Julidochromis marlieri seems to be readily avaliable to me and for a much cheaper price than the other smaller species. I know they come with a warning label when mixing them with shell dwellers, but have you guys experienced any incidents? Are they as bad as Leleuipi? I have only kept the smaller julidochromis.

I'm planning on setting up a 48x12x12 tank with julies and multis for sure. Not sure what else I would add if anything. Thoughts on what else you would add?

Thank you,
Aaron


----------



## Fogelhund (Dec 3, 2002)

They aren't quite as bad as leleupi... but still hasn't worked out well in my experience.... exceptions being Lepidiolamprologus shellies and Telmatochromis sp. shell, which normally should do fine with the Julidochromis. Actually, my Telmatochromis sp. shell kept the wild regani Nsumbu's I had well under control.


----------



## ahud (Aug 22, 2009)

If I decide to try it then what are some ways I can increase my chances for success? Do you think increasing the number of multi's would afford the females some protection? I will be getting the multi's as adults and the julies as juveniles, so I'm hoping that will help too.

I asked Pam Chin and she stated that the julies are not a predator like leluepi and they do not actively hunt. Of course anything could happen when you are talking about a 5" fish interacting with a 1-2" fish.


----------



## Fogelhund (Dec 3, 2002)

Any and all cichlids actively hunt for food, are opportunistic and will eat whatever they can, including fry. Sure they aren't as predatory as leleupi as I've stated already, but they will eat what they can.

If you ad in the Julidochromis, after the multi's are established and breeding as a large colony you stand a better chance.


----------



## triscuit (May 6, 2005)

Even small julies will go into shells looking for snacks. The difference is that they won't try to drag adult shellies out.

My strategy for protecting multies might work for larger predators- stack the shells. Females always choose the shells on the bottom layer. This means getting at least 50 shells for the colony, and periodically grabbing the buried shells and putting them back on top. A secondary advantage of this arrangement is food availability for growing multies- if you can get food to drift into the shellbed, the young fish won't have much reason to swim out into the open.

If you can pile the shells such that the julies can't get into the bottom shells, you might not have too many issues. But watch as the julies grow out- if you are seeing tail damage on your female multies, there's a problem. I haven't tried this strategy for similis, and I don't think it would work for the harem shellies.


----------



## ahud (Aug 22, 2009)

I'm going to heed your advice FogelHund and Triscuit, you have never steered me wrong before :thumb: . I will keep looking for smaller species.

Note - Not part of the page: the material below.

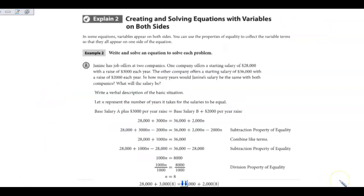We can also create and solve equations with variables on both sides. In some equations, variables appear on both sides. You can use the properties of equality to collect the variable terms so that they all appear on one side of the equation. We're going to write and solve an equation to solve each problem.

If I can find something like transcriptus or ornatus is it plausible to shoot for more than one pair to go alongside the multis? Maybe a rock pile on each end of the tank and multi's in the middle?


----------



## shellies215 (Jan 7, 2011)

I had a female(i think) marlieri burundi in with some brevis a while back, and she had a female brevis by the tail, pulling her out of the shell to be able to eat eggs. I quickly scared the julie away from the shell, and moved it to another tank.


----------



## FishFlake (Mar 7, 2010)

My Julidochromis marlieri Burundi are about 18 months old as are my Lamprologus melegrise. The Julies have yet to show any interest in the shellies, but the shellies are not breading either. Maybe once they have fry the Julis will take noticed. I have 2 mating pairs of Julis. Each has it's own rock pile at opposite ends of the 55g tank with the Lamprologus melegrise in the middle. Also in the tank are a school of cyps and some Altolamprologus calvus Black Zambian


----------